== Records shown ==
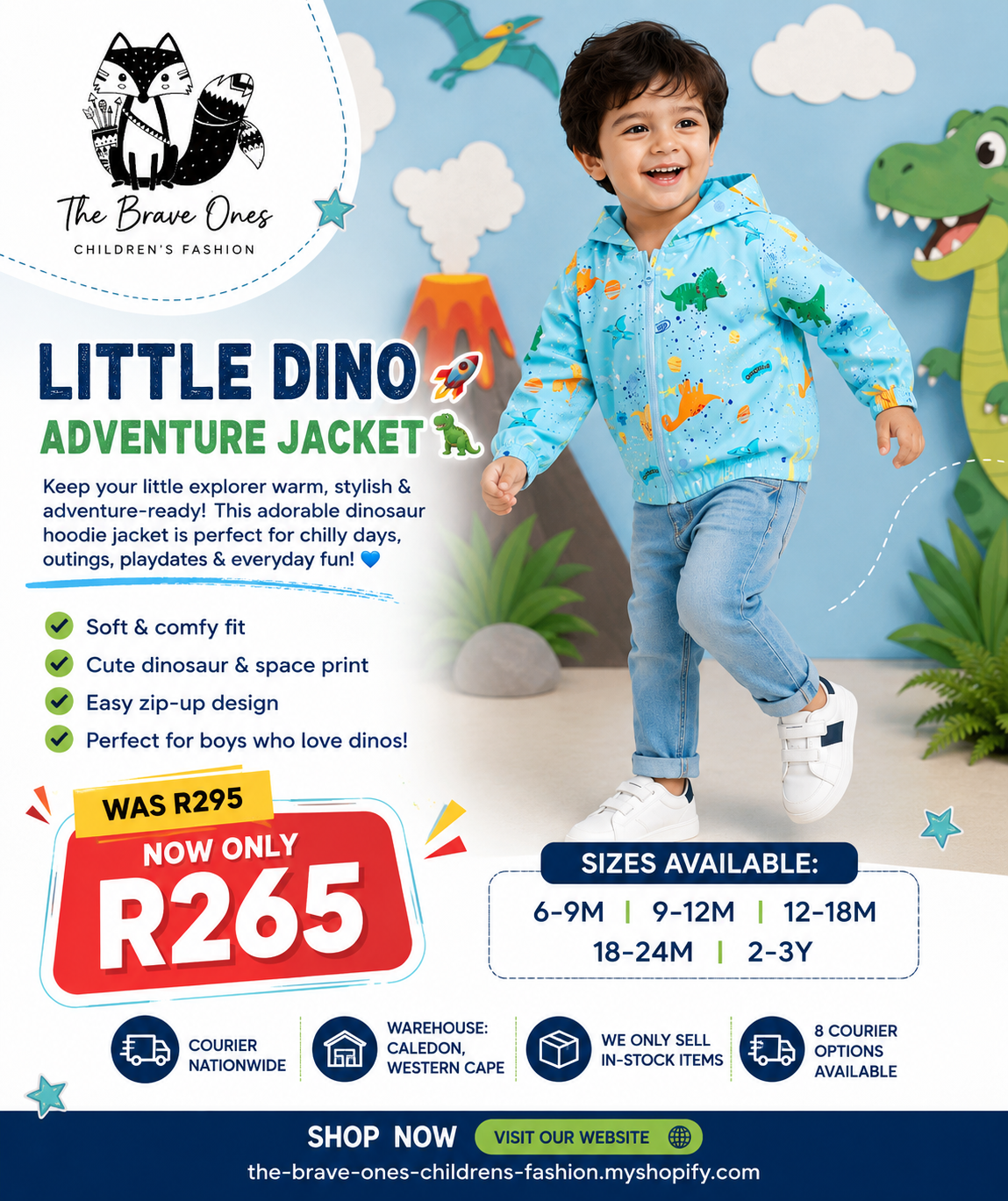 Blue Dinosaur Windbreaker Jacket #1001095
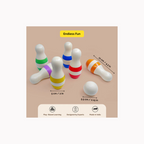 Shumee Mini Stripes Bowling Pins Set || 6 Pins, 1 Ball  (2 Years+)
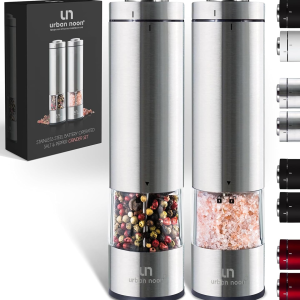 GGUW Electric Salt and Pepper Grinder Set - Automatic One Handed Operation - Battery Operated Stainless Steel Mill with Light (2 Mills)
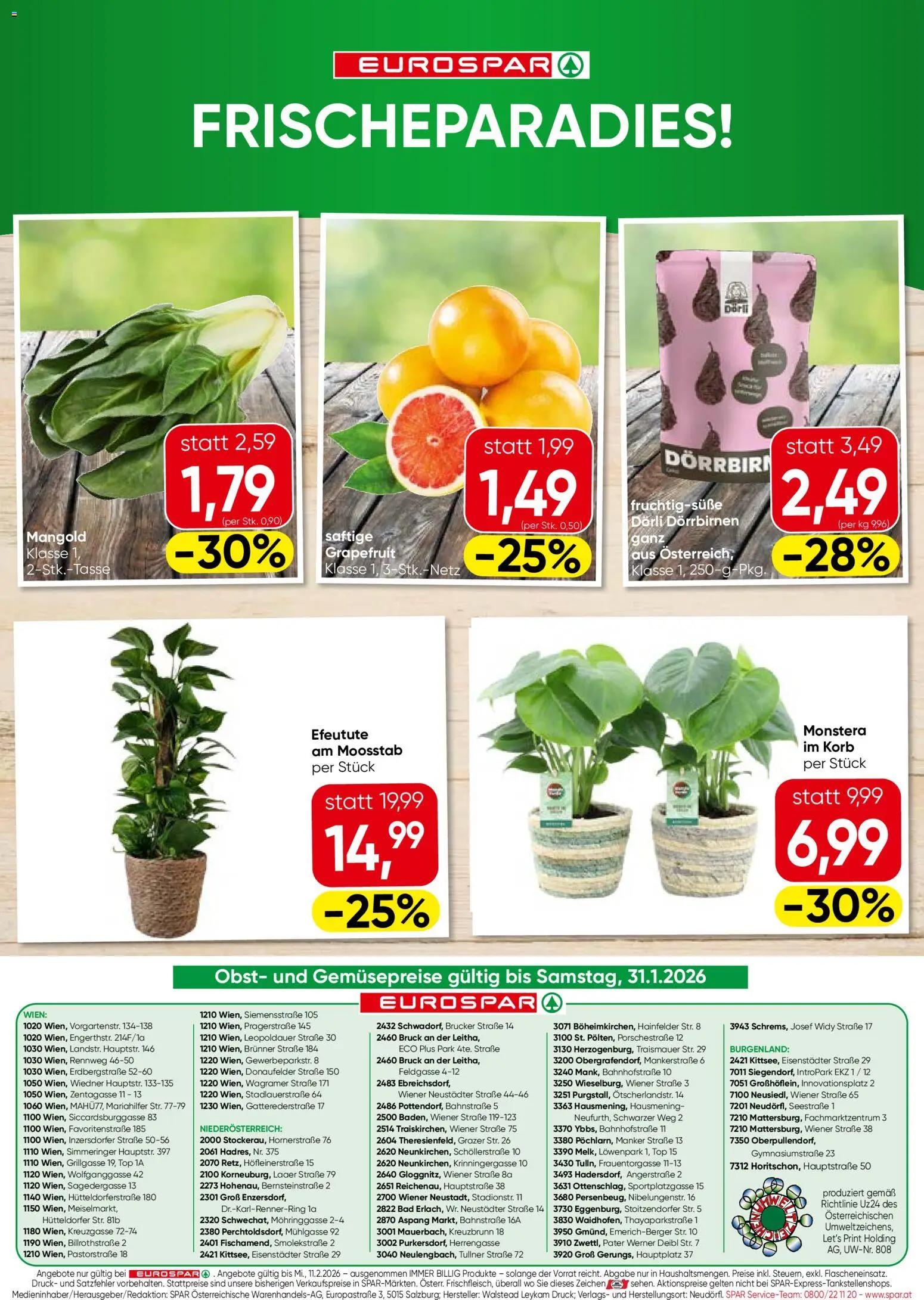 Eurospar Flugblatt - Wien gültig ab 29.01.2026 | Seite: 16 | Produkte: Grapefruit, Obst, Bad, Korb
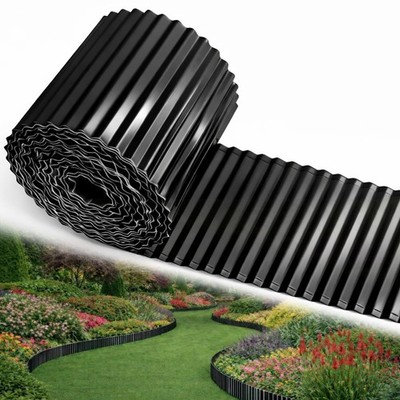 Corrugated Metal Garden Edging 6'' x 65' Rustproof Landscape Border Fence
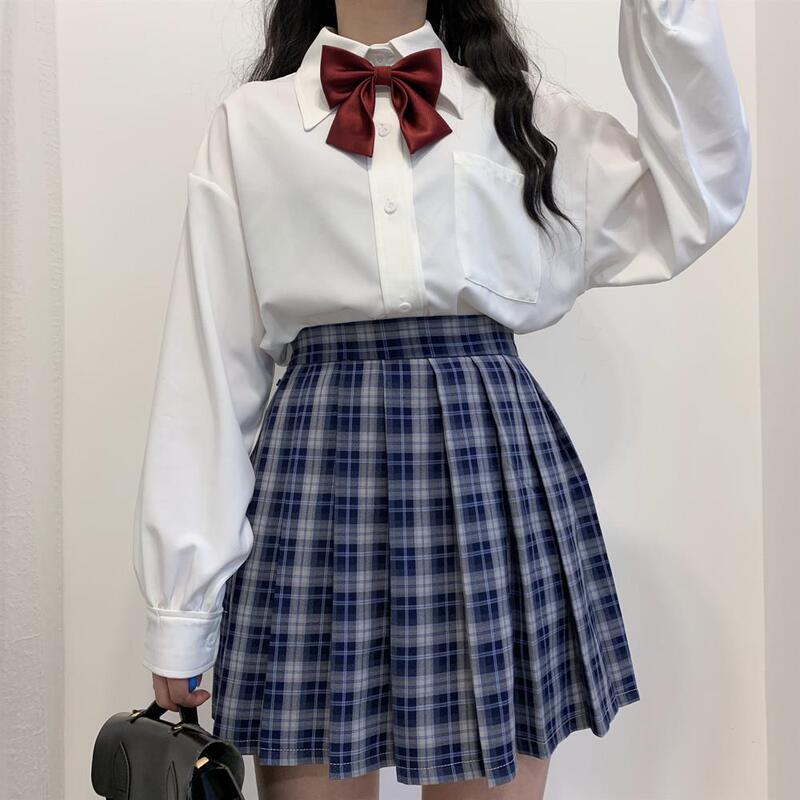 2022 Spring and Summer Chiffon Pointed Collar Japanese Style Bow Loose College Style Long Sleeve Shirt Women's JK Base Shirt for Students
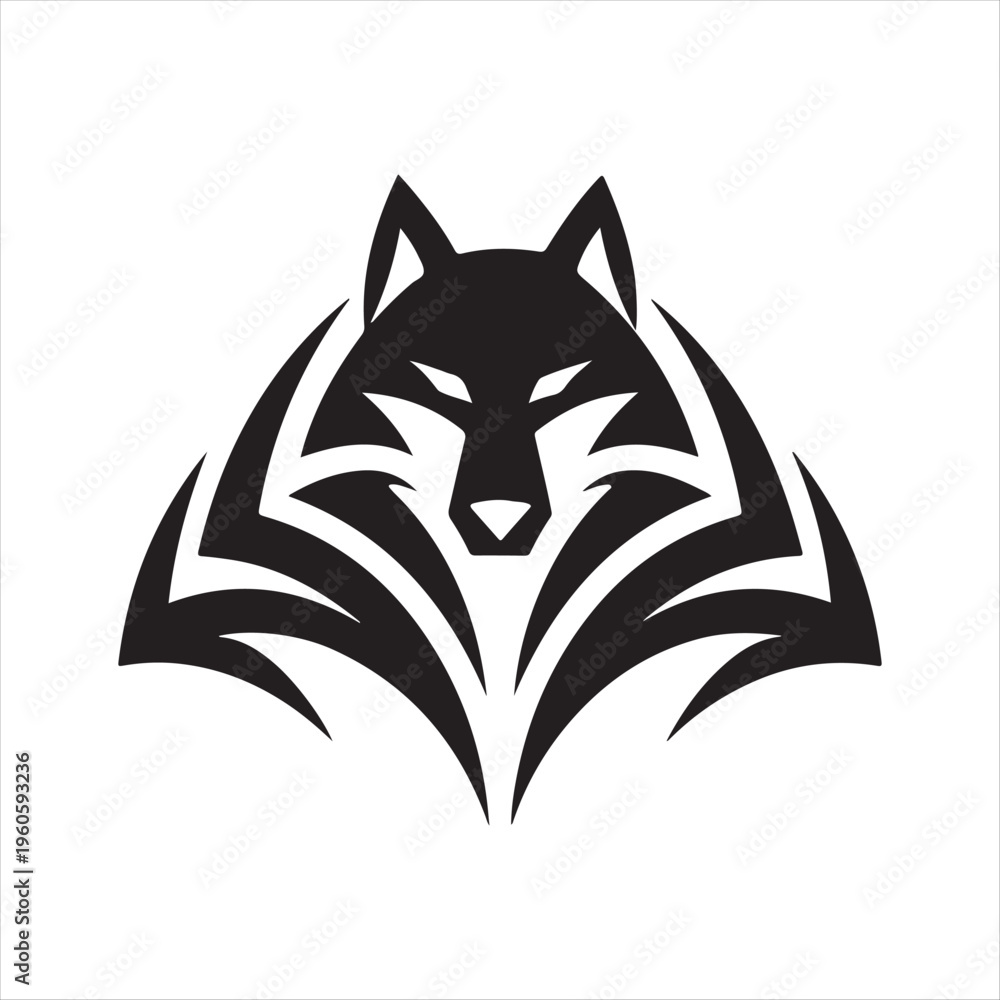 Obraz premium majestic wolf vector silhouette clip art logo design illustration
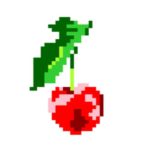 Pixel art of a cherry created in Microsoft Small Basic.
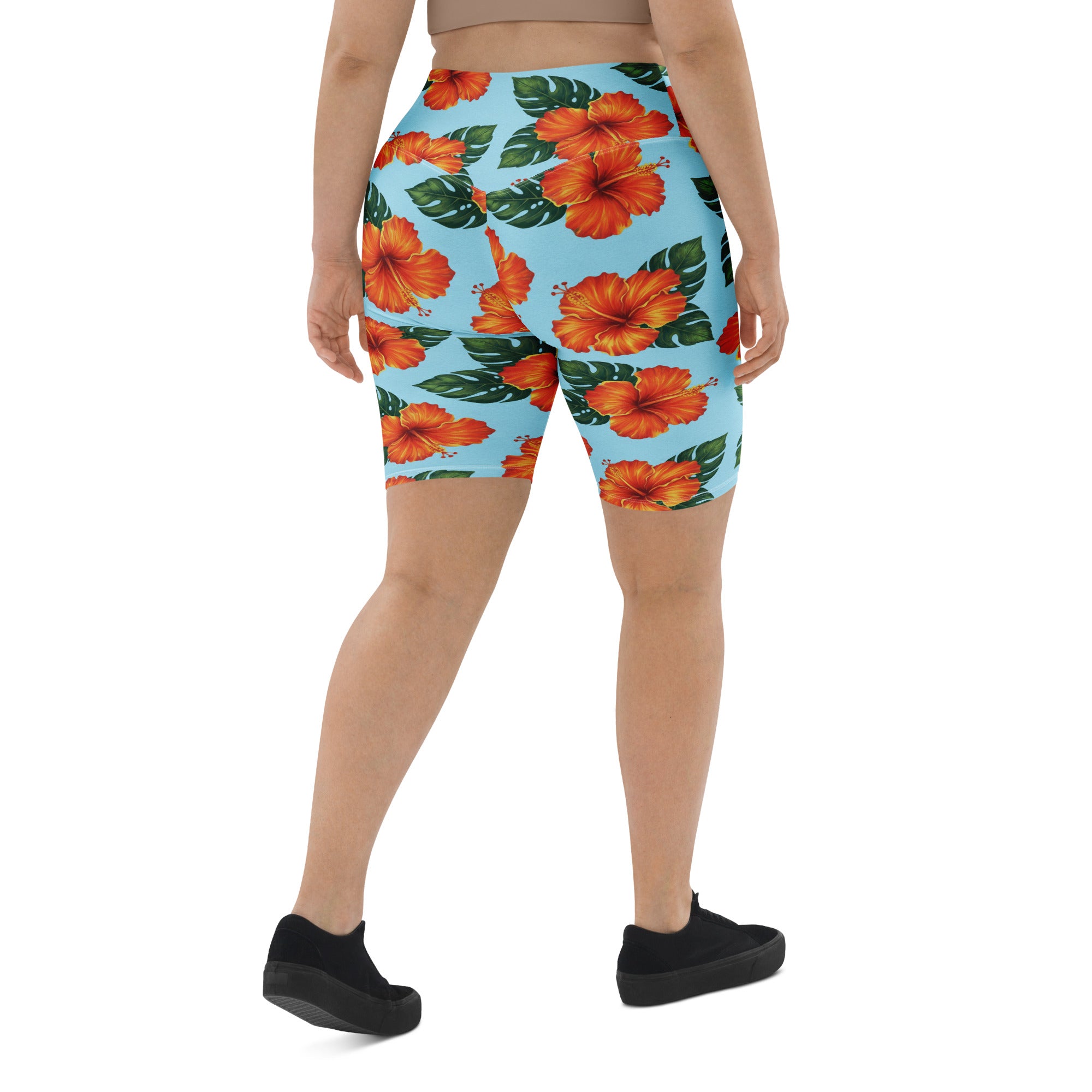 Tropical Hibiscus Bloom Bike Shorts | GearBunch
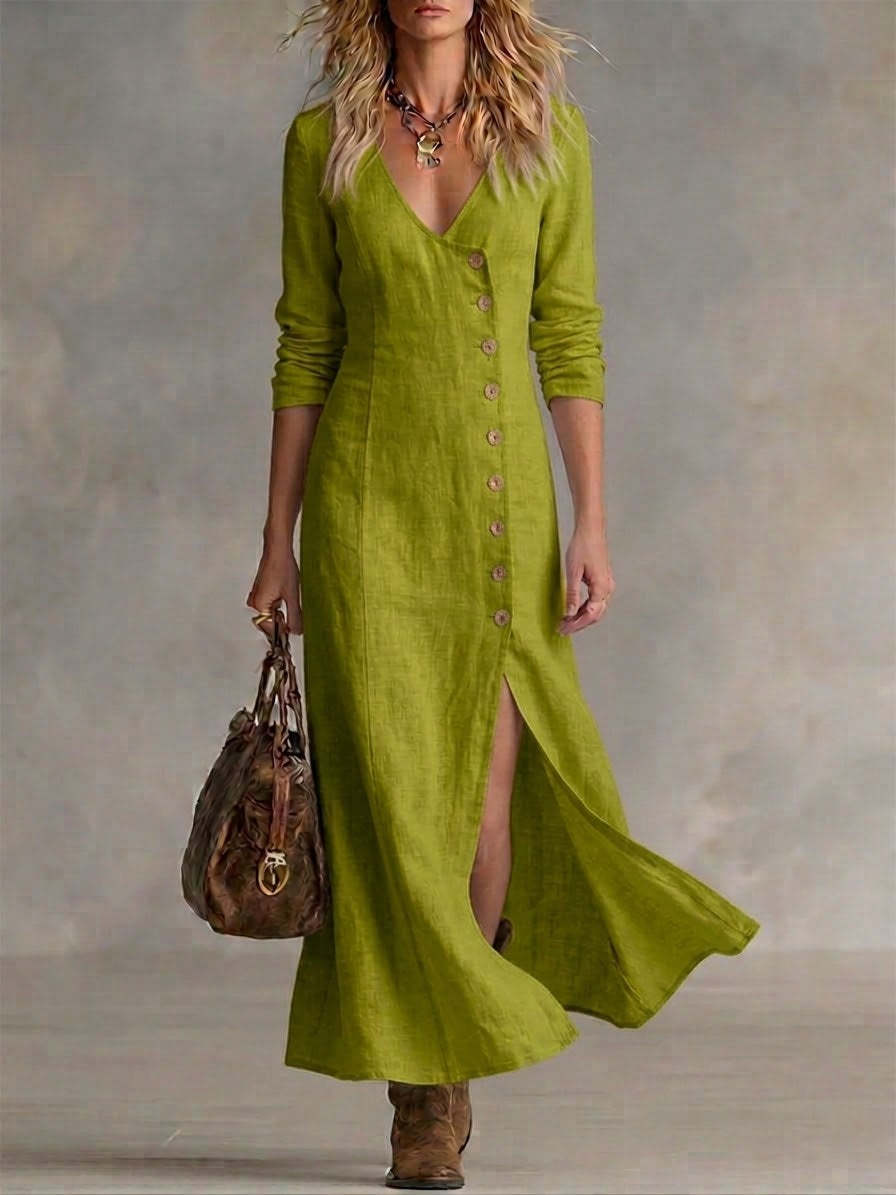Linen Maxi Dress Women V-Neck – Button Front Boho Summer Dress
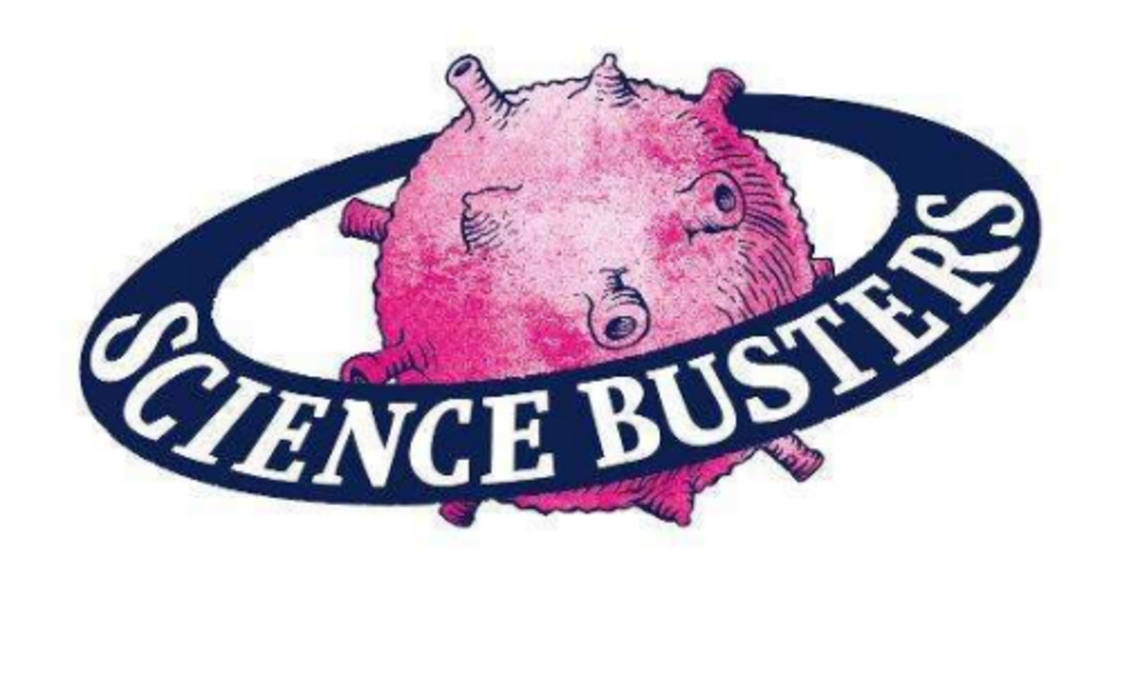 Logo der Science Busters, rosa Planet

== Required action ==
The lines from the one containing "2022 Spring and" up to and including the last line of the material above are to be given again exactly; any pictures are dropped.

== Exercise output ==
 2022 Spring and Summer Chiffon Pointed Collar Japanese Style Bow Loose College Style Long Sleeve Shirt Women's JK Base Shirt for Students
 Obraz premium majestic wolf vector silhouette clip art logo design illustration
 Pixel art of a cherry created in Microsoft Small Basic.
 Tropical Hibiscus Bloom Bike Shorts | GearBunch
Linen Maxi Dress Women V-Neck – Button Front Boho Summer Dress
 Logo der Science Busters, rosa Planet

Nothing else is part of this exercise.